More to he point, unix-like pathnames are at the implementation level
just a collection of bytes terminated by null and with '/' as the
directory separator. Having said that, the POSIX Portable Filename
Character Set (§3.278 of the SUS) doesn't even cover all of ASCII, let
alone unicode.

It can be useful to handle filenames as strings in the program.  My
main objection is not that filenames are not treated as collections of
bytes, but that guile assumes the filename character set is the same as
the locale character set, which on distributed file systems may be
completely false.  I may be wrong, but I do not think you can set the
filename codeset programmatically in guile, which most other libraries
permit.

So I guess the best rule is that, even if you don't stick to the
Portable Filename Character Set, stick to ASCII for filenames/paths.

Chris

^ permalink raw reply	[flat|nested] 21+ messages in thread

* Re: Running script from directory with UTF-8 characters
  2015-12-22 20:12           ` Chris Vine
@ 2015-12-22 20:36             ` Marko Rauhamaa
  2015-12-22 20:59               ` Eli Zaretskii
  0 siblings, 1 reply; 21+ messages in thread
From: Marko Rauhamaa @ 2015-12-22 20:36 UTC (permalink / raw)
  To: Chris Vine; +Cc: guile-user

Chris Vine <chris@cvine.freeserve.co.uk>:

> So I guess the best rule is that, even if you don't stick to the
> Portable Filename Character Set, stick to ASCII for filenames/paths.

The filenames are not in my control or Guile's. Guile can't simply wish
the filenames to be strings, or, like Python, it would at least need
some special measures to handle the exceptional cases.

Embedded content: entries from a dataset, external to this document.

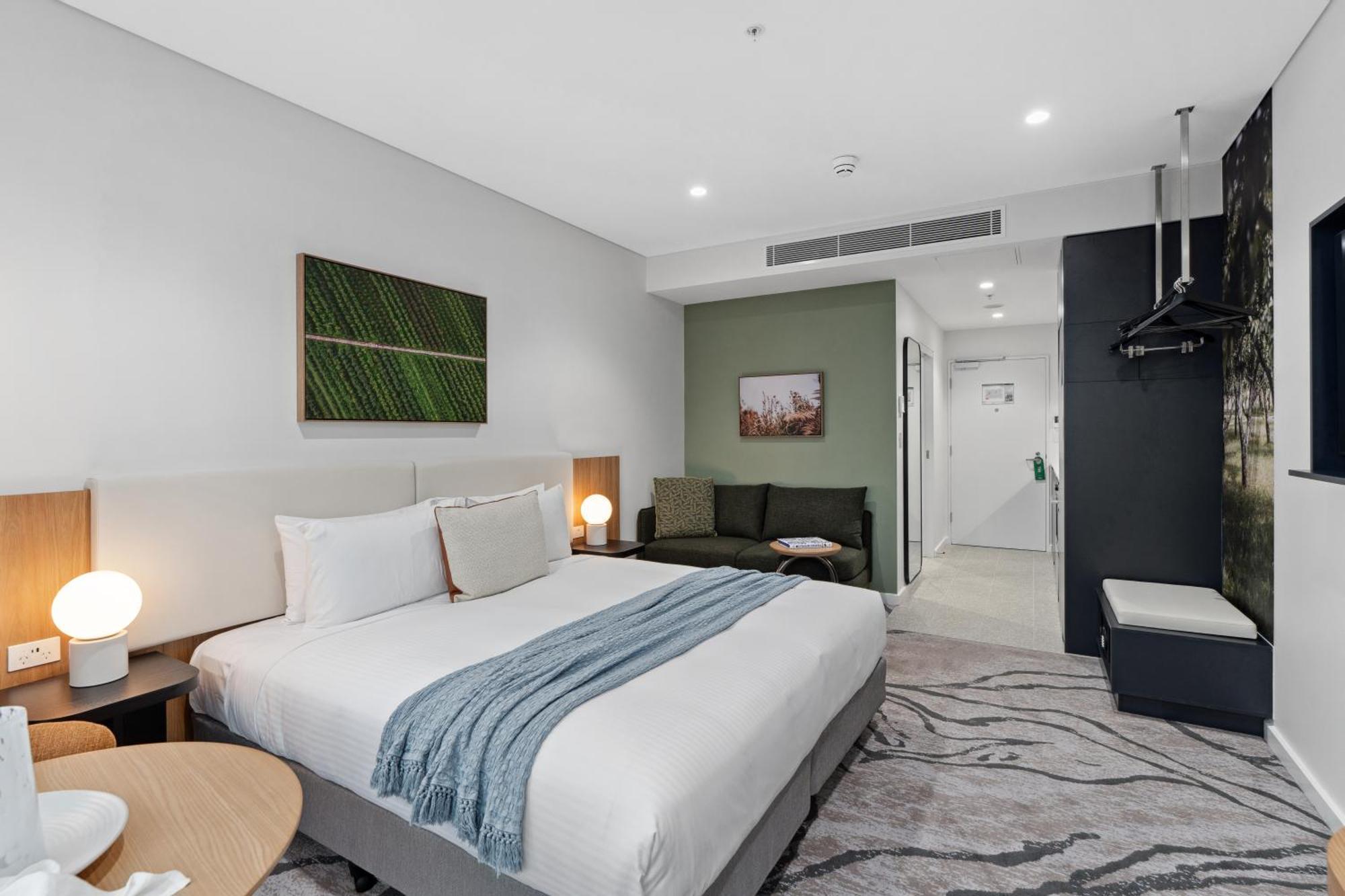 Executive Veriu Suite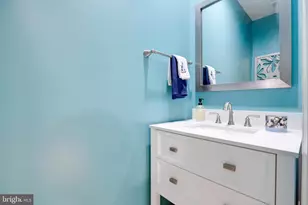 13300 April Cir, Lovettsville, VA 20180 - Photo 24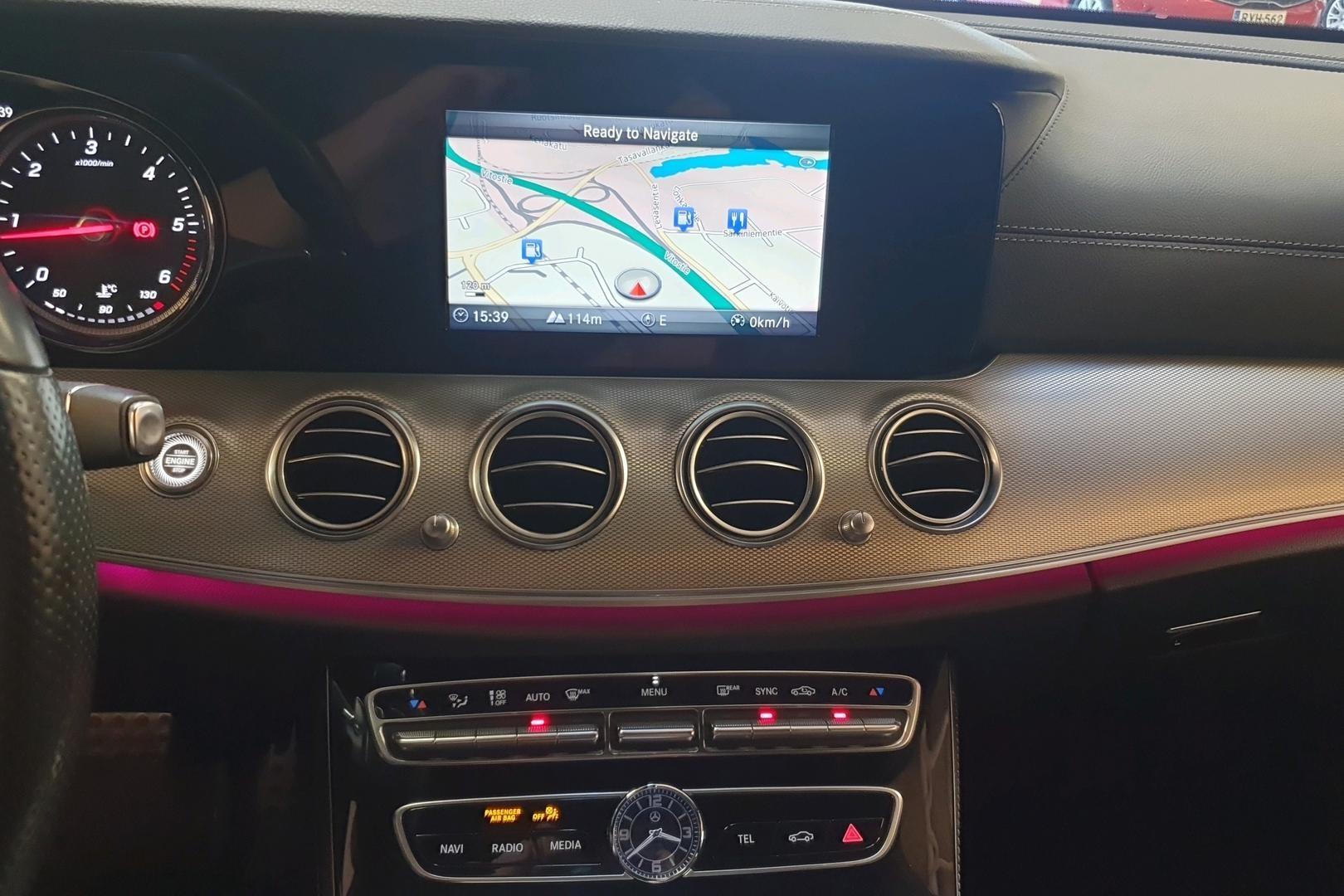 MERCEDES-BENZ E 2017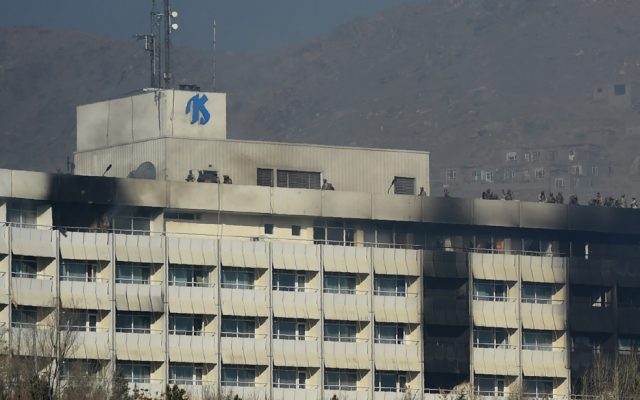 El lujoso Hotel Intercontinental de Kabul fue atacado por los insurgentes dejando al menos 7 muertos y otros siete heridos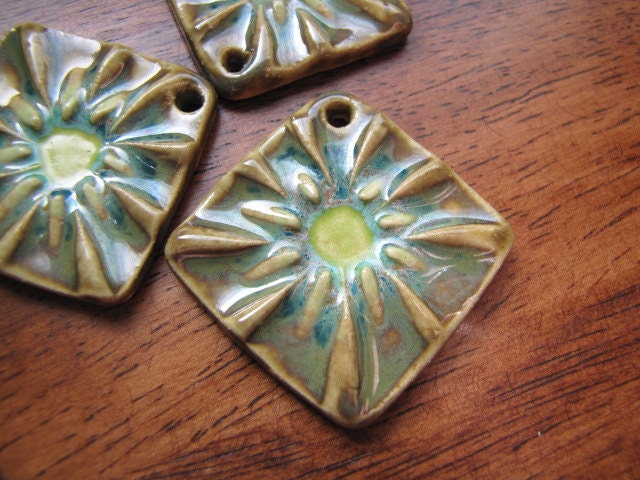 Diamond Burst in Multi Green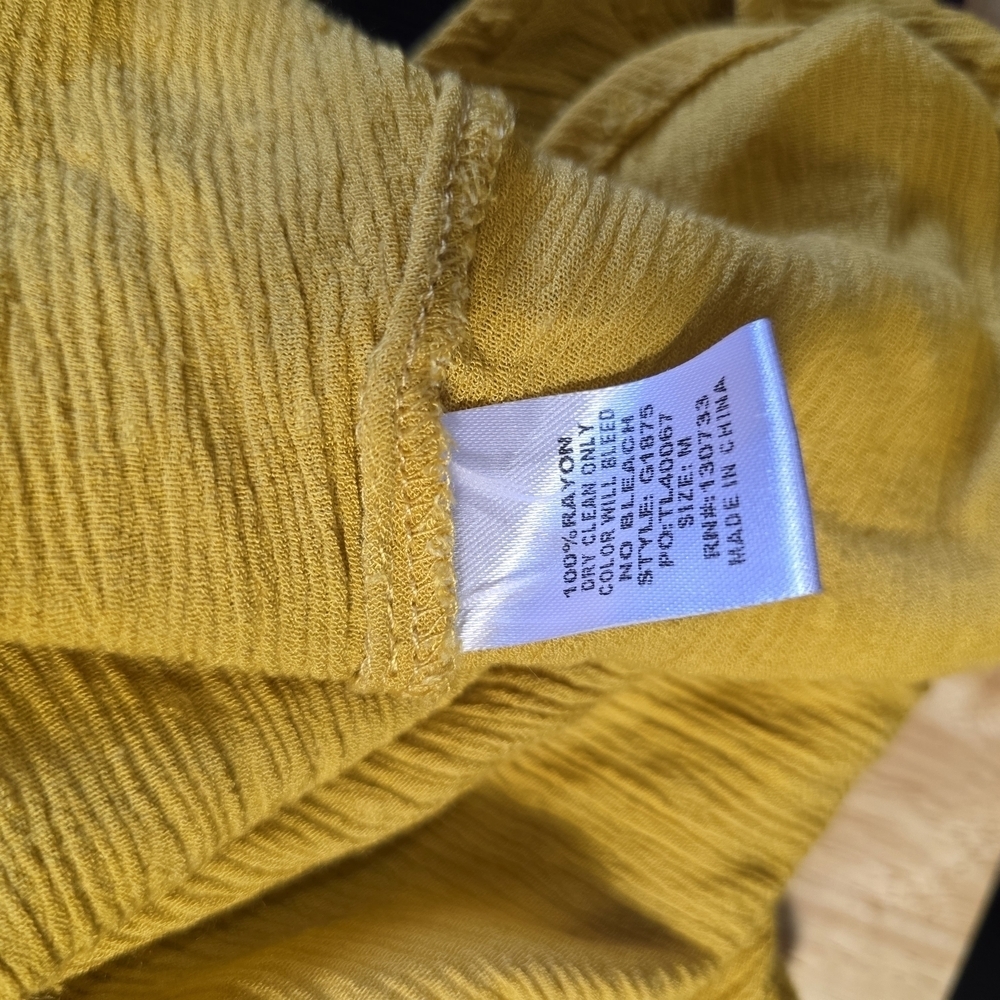 Umgee Floral Embroidered Mustard Blouse Sz M - Picture 3 of 10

Well, of course, when there's a will, there's a way. By setting the
character set artificially to Latin-1 in Guile, all pathnames are
accessible to it.

Marko

^ permalink raw reply	[flat|nested] 21+ messages in thread

* Re: Running script from directory with UTF-8 characters
  2015-12-22 20:36             ` Marko Rauhamaa
@ 2015-12-22 20:59               ` Eli Zaretskii
  2015-12-22 21:39                 ` Marko Rauhamaa
  0 siblings, 1 reply; 21+ messages in thread
From: Eli Zaretskii @ 2015-12-22 20:59 UTC (permalink / raw)
  To: Marko Rauhamaa; +Cc: guile-user

> From: Marko Rauhamaa <marko@pacujo.net>
> Date: Tue, 22 Dec 2015 22:36:07 +0200
> Cc: guile-user@gnu.org
> 
> By setting the character set artificially to Latin-1 in Guile, all
> pathnames are accessible to it.

No, they aren't, not as file names.  E.g., you cannot meaningfully
downcase or upcase such "characters", you cannot count characters (as
opposed to bytes), you cannot calculate how much screen estate will be
needed to display them, with some Far Eastern encodings you cannot
correctly search them for some specific ASCII characters (because they
can be part of a multibyte sequence), etc. etc.  IOW, you cannot work
with file names as human-readable text, which is something many
programs need to do.

File names _are_ strings, there's no way around that.  They are
strings because _people_ name files and give them meaningful names and
extensions.  If Guile cannot easily work with file names encoded in a
codeset other than the current locale's one, then Guile should be
extended to allow a program to tell it in which encoding to interpret
a particular name.  (I think Guile already supports that, but maybe I
misremember.)  But lobbying for treating file names as byte streams,
let alone Latin-1 characters, is a large step backwards, to 1990s when
we didn't know better.  We've come a long way since then and learned a
lot on the way.

^ permalink raw reply	[flat|nested] 21+ messages in thread

* Re: Running script from directory with UTF-8 characters
  2015-12-22 20:59               ` Eli Zaretskii
@ 2015-12-22 21:39                 ` Marko Rauhamaa
  2015-12-23 18:28                   ` Eli Zaretskii
  2015-12-24 16:13                   ` Barry Schwartz
  0 siblings, 2 replies; 21+ messages in thread
From: Marko Rauhamaa @ 2015-12-22 21:39 UTC (permalink / raw)
  To: Eli Zaretskii; +Cc: guile-user

Eli Zaretskii <eliz@gnu.org>:

>> From: Marko Rauhamaa <marko@pacujo.net>
>> By setting the character set artificially to Latin-1 in Guile, all
>> pathnames are accessible to it.
>
> No, they aren't, not as file names. E.g., you cannot meaningfully
> downcase or upcase such "characters", you cannot count characters (as
> opposed to bytes), you cannot calculate how much screen estate will be
> needed to display them, with some Far Eastern encodings you cannot
> correctly search them for some specific ASCII characters (because they
> can be part of a multibyte sequence), etc. etc. IOW, you cannot work
> with file names as human-readable text, which is something many
> programs need to do.

You can, in a roundabout way. You do the low-level file I/O in Latin-1.
Then, you reencode into UTF-8, and if you get an exception, you deal
with the situation.

Otherwise, you may not even be able to remove a file with a non-UTF-8
name.

> File names _are_ strings, there's no way around that.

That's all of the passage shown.